Акуми не закончила слова, потому что злым и жестоким чудом все вокруг внезапно изменилось. Как будто кто-то сдернул, разорвал одну декорацию и тут же заменил ее другой. Был ангар, наполненный ранеными и спасательными бригадами, и на его месте возник огненно-льдистый ад.
От чудовищного взрыва содрогнулся мир. Земля под ногами корчилась, обжигающий смерч ослепительной змеей с жадно распахнутой пастью прошелся по ангару, выдирая людей из их кроватей, срывая с мест, как надоевших кукол в игрушечном домике, комкая и подбрасывая вверх, где изломанные фигурки вспыхивали разноцветными фейерверками.
Стен и крыши не было, лишь клубилась вокруг пыльная тьма, в которой двигались титанические фигуры. Густая мошкара вертолетов окружала их, щекотала свинцовыми плетями пулеметных очередей, но титаны отмахивались световыми хлыстами, каждое движение которых взрывало воздух, расшвыривало неповоротливые летающие машины, разгрызало их прозрачными челюстями ударной волны и отплевывало бесформенной шелухой.
Тишина.
Царила невозможная тишина.
Акуми с удивлением оглядывалась и не могла понять, почему все внезапно лишились голоса. Раззявленные рты, искалеченные тела, оторванные руки и ноги, влажные тряпки, похожие на перепутанный клубок червей внутренности. Анатомический театр! Лишь Акуми продолжает стоять невредимой посреди сцены. Что-то царапает ей колени, она смотрит вниз и видит Мико. Точнее то, что от Мико осталось. Неужели этот ополовиненный уродец - Мико?! Обезумевшие глаза смотрят на Акуми, изломанные пальцы тянутся вверх, а из нижней половины того, что осталось от девушки, многочисленными фонтанами бьет кровь.
А в это время остатки стены проламываются, и по мертвым и еще живым телам тяжело ступают боевые "мехи", впиваясь прожекторами в клубящийся туман и совсем не обращая на то, что их массивные трехпалые лапы давят, давят, давят людей! Тяжелая отдача ракетных залпов заставляет "мехов" приостановить свой ход, крепче вдавиться в землю, раздирая ее стальную оболочку.
Акуми зажимает уши и кричит, но тишина продолжает обволакивать ее волшебным коконом. Она делает шаг, еще, мертвые пальцы Мико соскальзывают с ткани брюк, Акуми поворачивается и бежит, спотыкается, падает в кровавые лужи, каким-то чудом поднимается и бежит, бежит по мертвым и живым, ибо нет между ними разницы, ибо никто не сможет выскочить из-под молота, который со всей силой обрушивается на наковальню.
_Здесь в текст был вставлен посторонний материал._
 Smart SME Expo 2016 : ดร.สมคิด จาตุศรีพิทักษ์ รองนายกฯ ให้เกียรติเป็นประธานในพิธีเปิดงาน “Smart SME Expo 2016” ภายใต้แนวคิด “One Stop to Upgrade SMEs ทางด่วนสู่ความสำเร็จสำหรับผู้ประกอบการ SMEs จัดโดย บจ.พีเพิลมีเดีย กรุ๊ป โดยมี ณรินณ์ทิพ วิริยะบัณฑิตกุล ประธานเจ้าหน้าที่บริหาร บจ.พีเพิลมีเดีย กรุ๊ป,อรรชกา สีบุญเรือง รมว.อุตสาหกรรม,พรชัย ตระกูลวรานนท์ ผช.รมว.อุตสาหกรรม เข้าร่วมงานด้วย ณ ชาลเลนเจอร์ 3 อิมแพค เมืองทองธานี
Три молота. Три молота одновременно обрушивается на наковальню, сминая, плюща, давя "мехов", подбрасывая их, словно игрушки, и ударами огненных плетей расчленяя на крошечные осколки бронированного конфетти.
Стена пламени готова настигнуть Акуми. Голодный зверь распахивает пламенную пасть, чтобы сомкнуть раскаленные зубы на затылке девушки, но внутри нее внезапно разворачивается пружина, выстреливает, подхватывает Акуми и несет на широких крыльях сквозь первичный хаос, в котором умирает старый и рождается новый мир, несет сквозь глыбы и осколки, когда-то бывшими защитными сооружениями, самолетами, танками, "мехами", сквозь бесчисленные тела, облаченные в смятые панцири, похожие на раздавленных ногтями гнид, несет прочь в темноту, где еще можно дышать и даже жить...
8
Киотский парк считался самым большим из парков, расположенных в мир-городе. Пожалуй, его стоило назвать настоящим лесом, так как, помещаясь в самом сердце урбанизированного рая, парк, тем не менее, оставался необустроенным, диким и, в какой-то степени, зловещим.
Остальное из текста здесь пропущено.